I don’t think anything has hurt the lobbying effort more in the last few years than when we’v e had a divided approach. When that happens I think the result is going to be a lot less than if we present a unified front.

Like it or not, textiles are considered as basically being in a few states. That’s not really true as we know but the perception is there and the perception is reality. So the more unified we get — the better off we’ll be.

ATI: How has the recent controversy over China's entry into the World Trade Organization (WTO) re-directed the ATMI's U.S. and global focus?
Chastain: First of all, China hasn't been admitted into the WTO yet, and they might not be admitted into the WTO.

Second, I don't think we're going to be able to treat China as a WTO member unless Congress grants them normal trade relations. ATMI is going to oppose that effort in Congress because the U.S./China WTO is going to cause a great harm to our industry and to our workers.

Right now, as its set up, China's quotas disappear in 2005. We thought that was extremely unfair. We wanted 2010, the same phase-out as everybody else started out with. I think it's also very questionable if China will open their market up which, under the WTO, you're supposed to do. They may continue to give it a lot of lip service but whether they would actually live up to the WTO's so-called agreements I think is questionable.

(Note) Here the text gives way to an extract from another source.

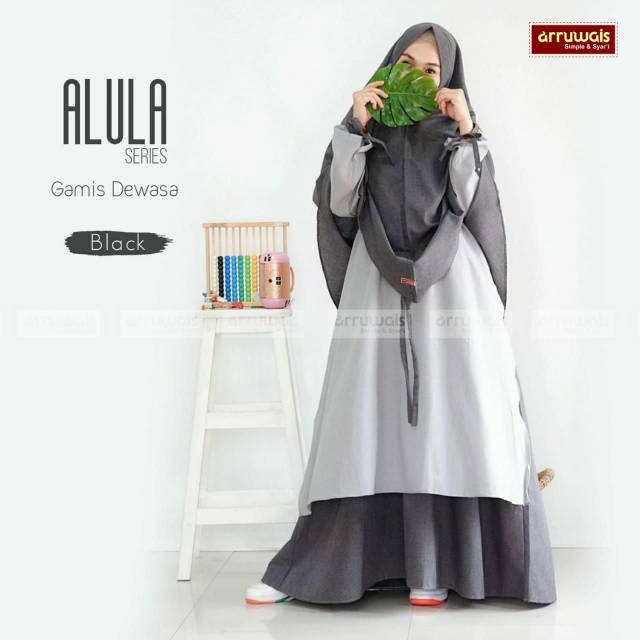 ALULA SET SYARI BY ARRUWAIS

For whatever reasons, we gave them a much better deal with the five-year quota phase-out then we did other countries. 1995 is when the 10 years started. We should remember that date. I think it's wrong. I think it's unjustified. I don't know why we did it. We're dealing with a country that customs admits illegally transships $5 billion worth of textiles into this country. If they will admit to $5 billion I don't know what it might really be.

They also violate practically every trade rule of every trading pact we've put together with them that's on the books. I think it was 1992 they agreed to quit infringing on intellectual property. I saw an article recently where they said that they were only violating 90 percent of the copyrights at this point in time. I don't know before if they were violating 100 percent of them or 92 (percent) or what. At least they narrowed it down to 90 (percent) at this point. I guess that's supposed to be progress. It's kind of disturbing.

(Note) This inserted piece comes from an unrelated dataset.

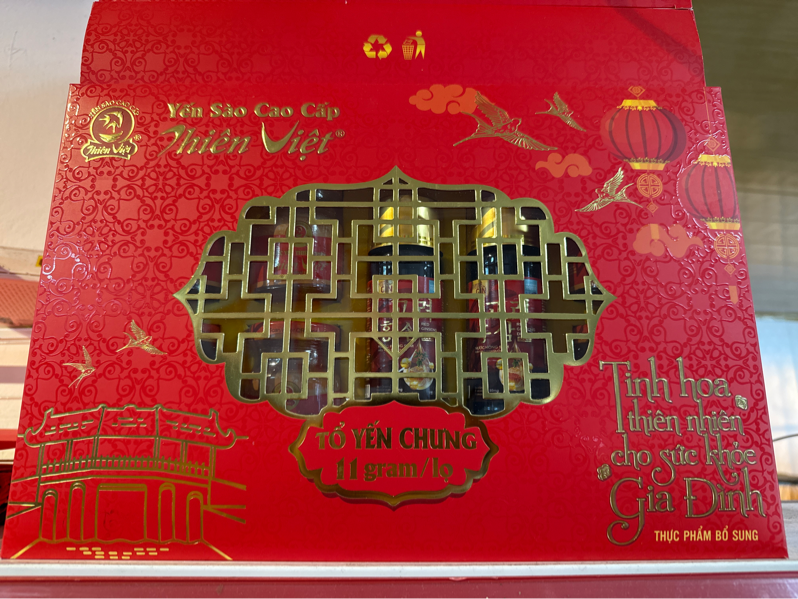 Yen THIEN VIET hộp 6+2 15% (Hộp)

We let them steal our nuclear secrets, should we just ignore that and also let them steal our jobs? I think that's a question that we have to put to our Congress. I know it sounds harsh but I think without a doubt the China entry into the WTO is going to cause us some problems.

ATMI commissioned a study with a think tank in Arlington, Va. called Nathan Associates. This study found that granting China an early phase-out would cost the United States 154,500 jobs, $7.6 billion in lost apparel sales and $4 billion in lost textile sales. It would also add $9.4 billion to the U.S. trade deficit for textile and apparel. The study reveals that China's textile and apparel imports would triple today's level totaling $27.5 billion and capturing 31 percent of the U.S. apparel import market. That in actuality would nearly equal what our current domestic apparel production is today. That's the main facts out of the study.

ATI: Has the WTO caused the CBI/sub-Saharan issue to take a backseat, or has it become even more crucial?
Chastain: The failure of the WTO in Seattle has demonstrated to members of Congress that trade bills and trade initiatives have to take into account the impact on U.S. jobs and manufacturing in this country.

Personally I believe this will bring added support for the Senate versions of the CBI and sub-Sahara, which are tied together. The studies and the work that we've had show that this will create and add jobs in the manufacturing sector of the U.S. textile and apparel and fiber industries. We think is good for us. Not everybody in this industry might agree, but we can't find a thing wrong with it. From every study we've done it will help us and we think its drastically needed.

Probably the best scenario we could create today would be to just surround ourselves with needles. Textiles don't have to chase needles, but if we're close enough proximity-wise to furnish them the material, then I think we have a great advantage.

ATI: What characteristics will successful textile companies share in the next decade?
Chastain: Primarily, I think they're going to have to be very financially sound. They’'e being beat to death in the stock market and debts being downgraded, etc. So I think that's the number one key.

Secondly, they’re going to have to be very customer focused rather than product focused. I think the idea that you focus on a product and market it is passe. Your whole drive has got to come from what your customer's needs are and that translates down to the ultimate consumer because that's who that customer has got to satisfy.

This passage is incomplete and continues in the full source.